* _Problem statement_: Ignoring pictures, transcribe exactly the lines between the one containing "Baseball Birthday banner backdrop" and the end of the material, both included.

* _Recorded information_:
──────────

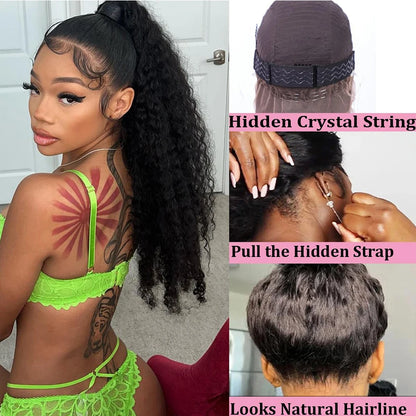 Invisi Strap HD 360 Full Lace Wig – 250 Density Precut Lace Frontal Wig, Drawstring Snug Fit, Pre-Plucked Glueless Human Hair Wig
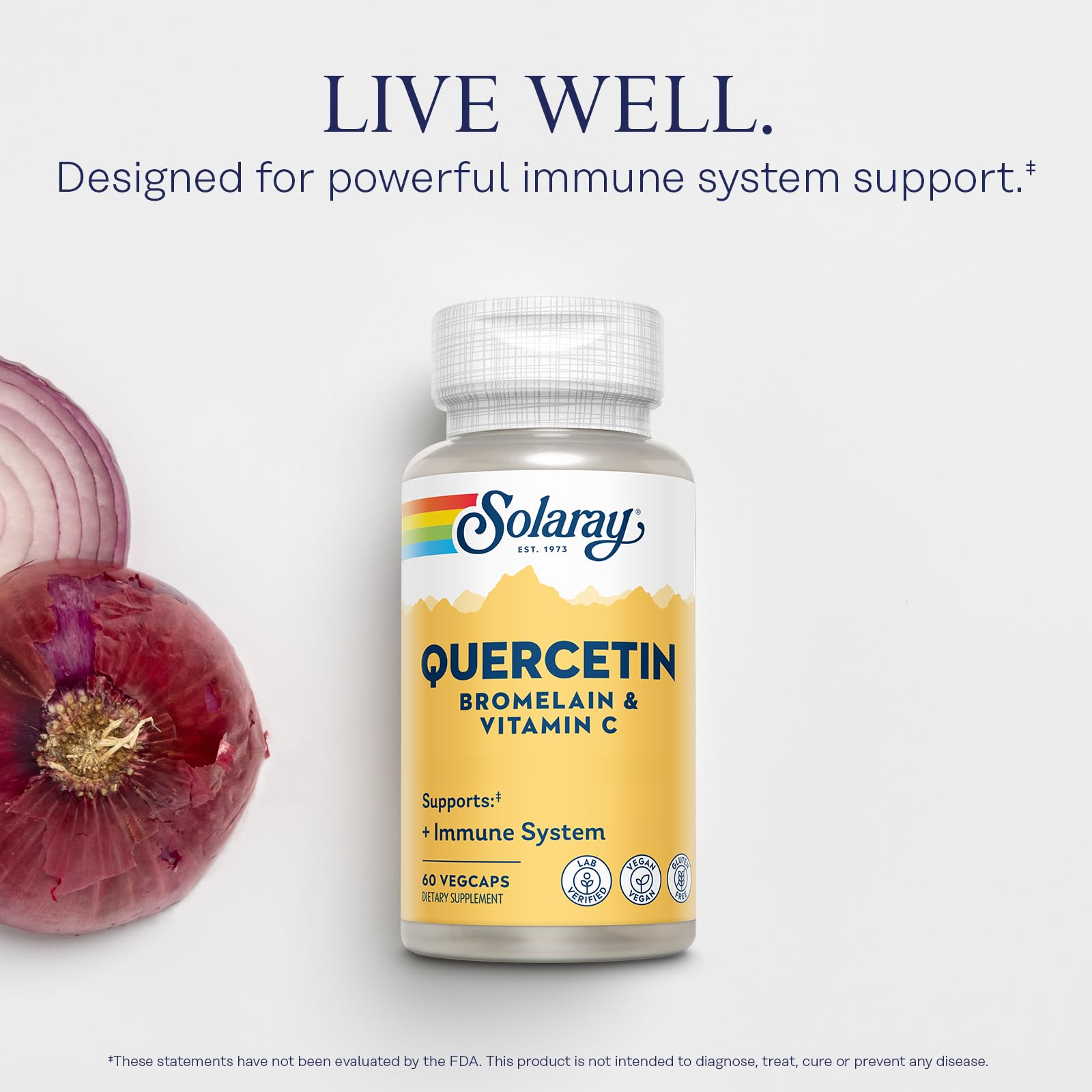 SOLARAY Quercetin Bromelain & Vitamin C (60 CT, 20 Serv) | Immune, Sinus & Antioxidant Support, Quercetin 500 mg, Vitamin C 1, 235 mg, 30 Servings, Vegan & Lab Verified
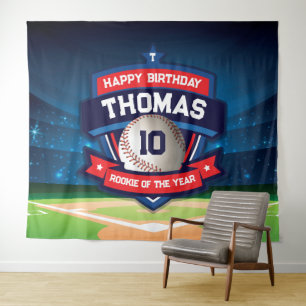 Baseball Birthday banner backdrop 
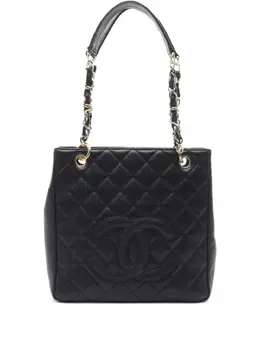 CHANEL Pre-Owned: Чёрная сумка-шоппер 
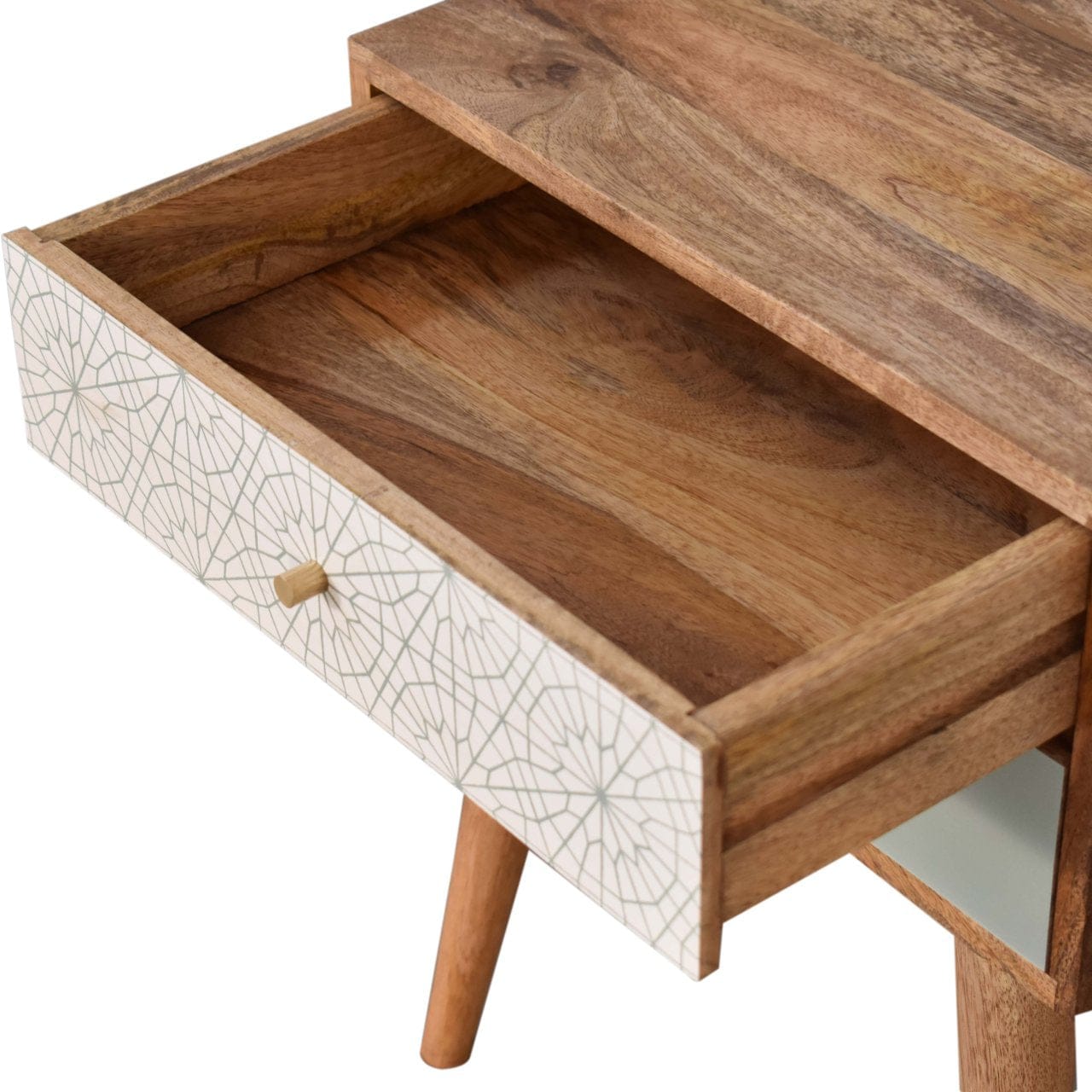 Handcrafted Green Patterned Nightstand - Solid Mango Wood Bedside Table for Bedroom - product view 4 showing handcrafted...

──────────

* _Exercise response_:
 Baseball Birthday banner backdrop 
 CHANEL Pre-Owned: Чёрная сумка-шоппер 
 Handcrafted Green Patterned Nightstand - Solid Mango Wood Bedside Table for Bedroom - product view 4 showing handcrafted...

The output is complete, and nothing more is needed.